Source data

# # # # # # #

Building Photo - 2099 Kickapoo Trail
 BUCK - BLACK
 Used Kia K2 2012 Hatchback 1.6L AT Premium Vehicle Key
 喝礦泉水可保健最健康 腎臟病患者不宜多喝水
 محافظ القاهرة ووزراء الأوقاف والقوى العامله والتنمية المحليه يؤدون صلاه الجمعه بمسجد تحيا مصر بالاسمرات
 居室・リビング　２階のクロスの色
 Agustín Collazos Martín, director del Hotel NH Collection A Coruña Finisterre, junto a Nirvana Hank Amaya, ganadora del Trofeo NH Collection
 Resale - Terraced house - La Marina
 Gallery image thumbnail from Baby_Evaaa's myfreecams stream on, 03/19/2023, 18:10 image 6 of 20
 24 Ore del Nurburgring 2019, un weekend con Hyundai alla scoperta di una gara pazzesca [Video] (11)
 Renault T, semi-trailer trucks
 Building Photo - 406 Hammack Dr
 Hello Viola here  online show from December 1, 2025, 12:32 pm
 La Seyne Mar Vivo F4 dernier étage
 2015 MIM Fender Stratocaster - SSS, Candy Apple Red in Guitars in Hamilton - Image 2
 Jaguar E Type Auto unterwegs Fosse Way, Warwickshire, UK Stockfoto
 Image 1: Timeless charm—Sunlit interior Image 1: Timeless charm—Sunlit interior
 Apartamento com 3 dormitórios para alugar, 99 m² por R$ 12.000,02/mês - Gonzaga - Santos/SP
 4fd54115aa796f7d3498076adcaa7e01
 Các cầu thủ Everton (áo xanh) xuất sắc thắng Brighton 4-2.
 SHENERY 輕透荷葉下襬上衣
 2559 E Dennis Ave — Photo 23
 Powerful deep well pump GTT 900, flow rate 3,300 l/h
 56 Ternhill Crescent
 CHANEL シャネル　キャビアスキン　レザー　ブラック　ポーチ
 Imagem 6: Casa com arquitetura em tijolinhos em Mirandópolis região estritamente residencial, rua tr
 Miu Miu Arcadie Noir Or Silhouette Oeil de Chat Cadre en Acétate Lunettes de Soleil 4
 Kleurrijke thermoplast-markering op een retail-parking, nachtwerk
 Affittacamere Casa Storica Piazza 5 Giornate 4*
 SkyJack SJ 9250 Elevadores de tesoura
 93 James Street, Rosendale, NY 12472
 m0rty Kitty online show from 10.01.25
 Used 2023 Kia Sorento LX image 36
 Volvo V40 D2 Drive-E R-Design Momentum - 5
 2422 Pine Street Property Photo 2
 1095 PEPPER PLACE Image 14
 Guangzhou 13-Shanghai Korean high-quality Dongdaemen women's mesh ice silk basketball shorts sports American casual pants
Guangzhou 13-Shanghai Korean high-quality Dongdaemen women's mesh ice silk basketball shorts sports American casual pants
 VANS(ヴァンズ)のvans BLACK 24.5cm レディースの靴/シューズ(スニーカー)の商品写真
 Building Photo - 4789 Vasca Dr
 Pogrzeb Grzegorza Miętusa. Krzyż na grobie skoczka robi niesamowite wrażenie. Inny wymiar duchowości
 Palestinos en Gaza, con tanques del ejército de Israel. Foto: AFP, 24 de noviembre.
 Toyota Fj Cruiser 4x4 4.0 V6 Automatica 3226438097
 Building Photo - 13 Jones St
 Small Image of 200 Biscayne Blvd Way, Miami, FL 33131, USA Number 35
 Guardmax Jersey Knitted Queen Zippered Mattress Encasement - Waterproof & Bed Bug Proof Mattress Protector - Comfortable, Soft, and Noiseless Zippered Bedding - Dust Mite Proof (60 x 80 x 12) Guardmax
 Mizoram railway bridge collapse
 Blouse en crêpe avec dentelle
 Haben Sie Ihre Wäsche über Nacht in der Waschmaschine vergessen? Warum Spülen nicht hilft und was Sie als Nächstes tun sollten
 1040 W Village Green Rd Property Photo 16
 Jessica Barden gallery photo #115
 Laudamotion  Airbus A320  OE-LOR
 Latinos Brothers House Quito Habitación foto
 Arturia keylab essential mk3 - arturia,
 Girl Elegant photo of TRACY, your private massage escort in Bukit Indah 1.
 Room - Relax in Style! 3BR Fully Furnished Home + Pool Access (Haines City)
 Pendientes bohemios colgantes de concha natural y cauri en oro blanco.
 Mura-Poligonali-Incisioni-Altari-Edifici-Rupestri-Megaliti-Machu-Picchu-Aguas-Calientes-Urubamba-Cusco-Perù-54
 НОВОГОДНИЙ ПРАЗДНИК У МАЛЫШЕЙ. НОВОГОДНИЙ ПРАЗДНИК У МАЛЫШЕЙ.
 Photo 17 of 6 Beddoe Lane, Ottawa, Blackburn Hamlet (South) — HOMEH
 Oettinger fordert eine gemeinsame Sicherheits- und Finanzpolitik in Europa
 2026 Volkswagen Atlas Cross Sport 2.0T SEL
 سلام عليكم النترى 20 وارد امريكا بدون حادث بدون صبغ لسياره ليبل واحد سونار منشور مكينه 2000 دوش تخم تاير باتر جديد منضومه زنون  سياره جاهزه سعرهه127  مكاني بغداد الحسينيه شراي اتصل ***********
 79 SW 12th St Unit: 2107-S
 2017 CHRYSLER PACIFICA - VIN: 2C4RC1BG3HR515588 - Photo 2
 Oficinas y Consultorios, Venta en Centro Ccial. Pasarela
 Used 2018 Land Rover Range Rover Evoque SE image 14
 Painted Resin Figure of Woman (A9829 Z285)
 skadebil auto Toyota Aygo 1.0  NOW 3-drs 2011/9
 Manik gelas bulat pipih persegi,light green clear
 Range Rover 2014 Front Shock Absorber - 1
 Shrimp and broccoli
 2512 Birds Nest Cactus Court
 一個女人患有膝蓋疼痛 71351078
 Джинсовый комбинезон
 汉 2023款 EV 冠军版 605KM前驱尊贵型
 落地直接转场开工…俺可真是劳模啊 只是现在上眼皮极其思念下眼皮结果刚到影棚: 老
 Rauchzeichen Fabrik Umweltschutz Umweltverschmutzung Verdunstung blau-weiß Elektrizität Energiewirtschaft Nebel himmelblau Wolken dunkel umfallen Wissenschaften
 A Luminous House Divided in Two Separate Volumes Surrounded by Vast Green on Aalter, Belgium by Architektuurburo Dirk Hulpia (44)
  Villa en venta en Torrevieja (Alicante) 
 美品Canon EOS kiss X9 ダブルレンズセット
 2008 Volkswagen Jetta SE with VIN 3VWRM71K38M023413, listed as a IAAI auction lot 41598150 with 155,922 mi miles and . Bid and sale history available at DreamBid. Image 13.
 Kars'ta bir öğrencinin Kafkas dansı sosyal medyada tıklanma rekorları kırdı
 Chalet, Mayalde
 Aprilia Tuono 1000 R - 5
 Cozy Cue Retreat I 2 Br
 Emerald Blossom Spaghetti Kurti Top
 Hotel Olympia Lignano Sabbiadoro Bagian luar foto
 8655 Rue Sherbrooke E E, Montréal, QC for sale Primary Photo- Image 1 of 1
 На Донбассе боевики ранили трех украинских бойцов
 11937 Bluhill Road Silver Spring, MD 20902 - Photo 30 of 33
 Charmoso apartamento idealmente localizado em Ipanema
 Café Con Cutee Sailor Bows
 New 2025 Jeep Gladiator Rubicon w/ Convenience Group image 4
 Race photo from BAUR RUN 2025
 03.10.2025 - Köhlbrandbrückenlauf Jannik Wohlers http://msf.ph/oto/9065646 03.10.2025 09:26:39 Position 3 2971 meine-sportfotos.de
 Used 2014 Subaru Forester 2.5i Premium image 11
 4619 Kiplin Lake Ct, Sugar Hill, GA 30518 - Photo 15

# # # # # # #

** TASK OBJECTIVE **
This exercise asks for an exact repeat of the lines from the one holding "Aprilia Tuono 1000 R - 5" through the end of the data above.

** ANSWER **
 Aprilia Tuono 1000 R - 5
 Cozy Cue Retreat I 2 Br
 Emerald Blossom Spaghetti Kurti Top
 Hotel Olympia Lignano Sabbiadoro Bagian luar foto
 8655 Rue Sherbrooke E E, Montréal, QC for sale Primary Photo- Image 1 of 1
 На Донбассе боевики ранили трех украинских бойцов
 11937 Bluhill Road Silver Spring, MD 20902 - Photo 30 of 33
 Charmoso apartamento idealmente localizado em Ipanema
 Café Con Cutee Sailor Bows
 New 2025 Jeep Gladiator Rubicon w/ Convenience Group image 4
 Race photo from BAUR RUN 2025
 03.10.2025 - Köhlbrandbrückenlauf Jannik Wohlers http://msf.ph/oto/9065646 03.10.2025 09:26:39 Position 3 2971 meine-sportfotos.de
 Used 2014 Subaru Forester 2.5i Premium image 11
 4619 Kiplin Lake Ct, Sugar Hill, GA 30518 - Photo 15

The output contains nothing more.